Commentary
Chex claims to be “Full of possibilities. Full of what you love.” And I don’t doubt it. Possibility is a roomy thing, after all. It will hold breakfast, bad ideas, and a surprising amount of criminal ambition without so much as bulging at the seams.
Last week, the Pyramid Lake Police encountered a man driving as if he had personally invented the automobile and considered the roadway a stage built solely for his performance. Stop signs were ornamental, speed limits were theoretical, and common sense had clearly missed the trip altogether. They pulled him over, which is no easy feat when a man believes the laws of motion are for lesser people.
What they found would have disappointed any optimist still clinging to faith in human ingenuity. A box of Chex, bright, wholesome, and advertising nothing more sinister than marshmallows and nostalgia, had been repurposed to conceal 54 grams of suspected methamphetamine. I have seen many clever schemes in my time: fishing lines hidden in hatbands, cats smuggling canaries, and politicians smuggling principles. But a cereal box as a criminal courier is a special kind of foolishness, even by modern standards.

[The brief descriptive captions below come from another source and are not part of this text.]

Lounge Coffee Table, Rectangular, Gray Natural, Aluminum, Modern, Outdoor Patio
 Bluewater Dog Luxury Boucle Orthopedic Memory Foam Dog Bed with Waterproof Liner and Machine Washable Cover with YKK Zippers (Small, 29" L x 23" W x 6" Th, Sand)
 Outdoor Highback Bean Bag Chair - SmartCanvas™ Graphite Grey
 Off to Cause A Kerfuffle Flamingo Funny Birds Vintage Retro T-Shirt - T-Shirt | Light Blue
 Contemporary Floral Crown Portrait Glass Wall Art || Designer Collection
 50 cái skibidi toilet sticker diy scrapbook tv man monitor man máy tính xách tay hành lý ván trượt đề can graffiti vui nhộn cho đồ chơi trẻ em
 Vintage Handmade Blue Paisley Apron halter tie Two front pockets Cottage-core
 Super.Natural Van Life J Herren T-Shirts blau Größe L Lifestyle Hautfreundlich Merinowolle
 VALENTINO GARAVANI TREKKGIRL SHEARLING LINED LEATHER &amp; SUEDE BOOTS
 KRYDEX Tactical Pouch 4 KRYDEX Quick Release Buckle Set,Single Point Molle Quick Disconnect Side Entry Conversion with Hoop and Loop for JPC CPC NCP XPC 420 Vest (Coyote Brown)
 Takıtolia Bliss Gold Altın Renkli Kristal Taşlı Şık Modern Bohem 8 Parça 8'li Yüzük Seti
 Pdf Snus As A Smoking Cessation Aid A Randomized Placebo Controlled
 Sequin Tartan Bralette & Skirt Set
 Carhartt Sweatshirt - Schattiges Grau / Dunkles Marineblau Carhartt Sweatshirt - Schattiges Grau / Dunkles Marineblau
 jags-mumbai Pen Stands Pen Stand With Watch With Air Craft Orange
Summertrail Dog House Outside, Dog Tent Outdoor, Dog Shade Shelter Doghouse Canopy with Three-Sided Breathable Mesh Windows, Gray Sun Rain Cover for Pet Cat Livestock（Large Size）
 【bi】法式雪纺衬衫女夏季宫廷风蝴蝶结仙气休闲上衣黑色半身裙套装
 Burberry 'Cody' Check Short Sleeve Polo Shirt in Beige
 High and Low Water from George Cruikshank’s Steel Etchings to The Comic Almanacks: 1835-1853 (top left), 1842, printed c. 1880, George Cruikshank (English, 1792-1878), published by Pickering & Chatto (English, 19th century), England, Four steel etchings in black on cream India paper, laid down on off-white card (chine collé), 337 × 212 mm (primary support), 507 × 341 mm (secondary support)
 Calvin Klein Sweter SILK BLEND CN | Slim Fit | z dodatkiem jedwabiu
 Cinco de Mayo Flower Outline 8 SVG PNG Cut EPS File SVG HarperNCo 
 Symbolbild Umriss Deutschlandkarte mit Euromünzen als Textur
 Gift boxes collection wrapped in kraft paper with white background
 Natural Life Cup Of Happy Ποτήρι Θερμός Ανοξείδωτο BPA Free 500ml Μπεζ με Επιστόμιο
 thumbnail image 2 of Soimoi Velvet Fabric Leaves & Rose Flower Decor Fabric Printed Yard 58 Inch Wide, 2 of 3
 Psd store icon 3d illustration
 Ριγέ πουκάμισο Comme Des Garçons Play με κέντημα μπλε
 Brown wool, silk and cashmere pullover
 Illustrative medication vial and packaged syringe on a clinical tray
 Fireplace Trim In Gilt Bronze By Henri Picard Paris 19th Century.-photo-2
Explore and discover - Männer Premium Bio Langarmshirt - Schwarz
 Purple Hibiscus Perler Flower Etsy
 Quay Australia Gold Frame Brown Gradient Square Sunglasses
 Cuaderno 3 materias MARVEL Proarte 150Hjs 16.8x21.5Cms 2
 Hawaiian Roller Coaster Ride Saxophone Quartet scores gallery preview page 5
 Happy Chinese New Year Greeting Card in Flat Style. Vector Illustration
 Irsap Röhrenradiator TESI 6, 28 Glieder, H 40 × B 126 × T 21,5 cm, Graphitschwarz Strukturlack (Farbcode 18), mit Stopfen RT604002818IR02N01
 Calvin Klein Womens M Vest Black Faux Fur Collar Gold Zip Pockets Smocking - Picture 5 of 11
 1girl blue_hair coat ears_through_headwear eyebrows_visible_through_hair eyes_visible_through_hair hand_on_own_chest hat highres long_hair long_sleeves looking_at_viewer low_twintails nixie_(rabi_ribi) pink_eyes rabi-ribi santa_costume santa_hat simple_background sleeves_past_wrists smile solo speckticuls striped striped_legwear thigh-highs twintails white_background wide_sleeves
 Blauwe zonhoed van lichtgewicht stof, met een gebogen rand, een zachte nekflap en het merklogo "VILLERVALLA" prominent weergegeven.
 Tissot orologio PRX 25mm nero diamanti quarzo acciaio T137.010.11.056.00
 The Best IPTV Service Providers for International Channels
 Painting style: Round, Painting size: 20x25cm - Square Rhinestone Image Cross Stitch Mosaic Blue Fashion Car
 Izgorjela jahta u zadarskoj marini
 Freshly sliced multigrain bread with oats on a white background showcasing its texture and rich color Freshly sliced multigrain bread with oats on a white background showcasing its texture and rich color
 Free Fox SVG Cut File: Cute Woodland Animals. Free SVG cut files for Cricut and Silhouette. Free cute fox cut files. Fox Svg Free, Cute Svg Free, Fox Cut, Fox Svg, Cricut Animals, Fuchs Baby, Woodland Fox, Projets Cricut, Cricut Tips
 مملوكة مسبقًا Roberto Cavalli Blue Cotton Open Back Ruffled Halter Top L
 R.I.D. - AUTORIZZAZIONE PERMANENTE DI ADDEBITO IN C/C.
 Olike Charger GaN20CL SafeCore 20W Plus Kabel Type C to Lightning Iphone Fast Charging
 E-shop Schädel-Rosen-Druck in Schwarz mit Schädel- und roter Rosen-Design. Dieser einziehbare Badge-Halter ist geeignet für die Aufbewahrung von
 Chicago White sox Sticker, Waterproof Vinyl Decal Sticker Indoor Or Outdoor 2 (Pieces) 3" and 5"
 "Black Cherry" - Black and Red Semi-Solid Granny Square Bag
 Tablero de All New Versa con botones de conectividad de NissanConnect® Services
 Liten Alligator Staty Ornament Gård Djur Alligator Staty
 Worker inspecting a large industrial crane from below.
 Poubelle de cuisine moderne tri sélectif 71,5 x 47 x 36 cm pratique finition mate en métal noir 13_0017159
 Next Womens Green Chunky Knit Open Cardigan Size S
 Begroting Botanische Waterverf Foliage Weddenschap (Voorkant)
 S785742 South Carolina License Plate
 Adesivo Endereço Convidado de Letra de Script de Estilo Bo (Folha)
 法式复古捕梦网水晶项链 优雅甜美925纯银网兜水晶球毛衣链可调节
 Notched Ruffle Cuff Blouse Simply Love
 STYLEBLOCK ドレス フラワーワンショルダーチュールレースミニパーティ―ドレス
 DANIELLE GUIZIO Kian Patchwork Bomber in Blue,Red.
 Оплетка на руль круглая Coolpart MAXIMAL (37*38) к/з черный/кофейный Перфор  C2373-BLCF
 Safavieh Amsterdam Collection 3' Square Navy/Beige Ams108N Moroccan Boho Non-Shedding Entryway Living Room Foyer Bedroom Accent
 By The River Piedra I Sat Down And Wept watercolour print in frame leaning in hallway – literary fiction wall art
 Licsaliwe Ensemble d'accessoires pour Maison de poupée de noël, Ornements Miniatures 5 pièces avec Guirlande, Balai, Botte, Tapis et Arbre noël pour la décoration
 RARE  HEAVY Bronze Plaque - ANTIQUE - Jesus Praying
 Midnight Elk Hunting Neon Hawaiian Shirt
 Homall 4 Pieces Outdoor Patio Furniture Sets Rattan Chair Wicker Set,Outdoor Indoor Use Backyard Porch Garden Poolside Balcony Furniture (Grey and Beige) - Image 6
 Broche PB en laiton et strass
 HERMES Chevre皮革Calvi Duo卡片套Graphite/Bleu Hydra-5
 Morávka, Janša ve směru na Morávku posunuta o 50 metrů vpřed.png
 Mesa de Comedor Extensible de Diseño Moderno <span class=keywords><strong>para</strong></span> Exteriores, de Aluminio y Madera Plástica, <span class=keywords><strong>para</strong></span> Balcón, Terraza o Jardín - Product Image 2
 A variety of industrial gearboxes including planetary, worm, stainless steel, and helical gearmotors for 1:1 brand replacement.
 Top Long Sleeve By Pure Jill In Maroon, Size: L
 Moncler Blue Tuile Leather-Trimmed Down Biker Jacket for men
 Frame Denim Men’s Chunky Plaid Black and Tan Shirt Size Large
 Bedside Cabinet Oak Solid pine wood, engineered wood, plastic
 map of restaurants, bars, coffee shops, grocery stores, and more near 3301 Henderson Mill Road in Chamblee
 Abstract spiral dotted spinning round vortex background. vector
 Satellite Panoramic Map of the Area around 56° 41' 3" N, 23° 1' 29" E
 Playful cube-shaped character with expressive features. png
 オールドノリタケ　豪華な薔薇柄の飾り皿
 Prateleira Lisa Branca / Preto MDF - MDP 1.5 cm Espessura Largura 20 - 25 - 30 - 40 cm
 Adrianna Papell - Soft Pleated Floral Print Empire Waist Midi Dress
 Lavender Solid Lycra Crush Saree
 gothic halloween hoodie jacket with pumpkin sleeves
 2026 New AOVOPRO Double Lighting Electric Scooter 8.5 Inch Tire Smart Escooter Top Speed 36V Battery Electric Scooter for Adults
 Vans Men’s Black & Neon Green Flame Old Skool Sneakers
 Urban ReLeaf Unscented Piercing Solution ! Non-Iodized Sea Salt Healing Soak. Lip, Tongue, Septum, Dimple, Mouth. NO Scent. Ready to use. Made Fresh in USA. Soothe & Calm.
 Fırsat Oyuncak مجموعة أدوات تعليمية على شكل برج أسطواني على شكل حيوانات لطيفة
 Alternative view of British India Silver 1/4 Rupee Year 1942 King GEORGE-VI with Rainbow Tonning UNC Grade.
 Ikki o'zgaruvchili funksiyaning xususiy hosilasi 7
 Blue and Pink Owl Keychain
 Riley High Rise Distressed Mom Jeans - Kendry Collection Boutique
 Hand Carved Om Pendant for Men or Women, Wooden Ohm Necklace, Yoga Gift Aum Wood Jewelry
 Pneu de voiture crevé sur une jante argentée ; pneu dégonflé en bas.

K9 Lando, however, was not impressed. One sniff and the whole enterprise collapsed like a badly built shed in a desert wind. The box told lies. The dog did not. That, at least, was refreshing.
There is a lesson here, if one is looking. Life is full of possibilities. Some nourish you. Some ruin you. And some are hidden in plain sight, inside cheerful packaging meant to distract the unwary.
And it does make a fellow wonder. It is, after all, the same outfit that recently offered law enforcement escorts to help people avoid ICE. One starts to suspect that “Full of possibilities” may also include choosing sides, just not always the ones you expect.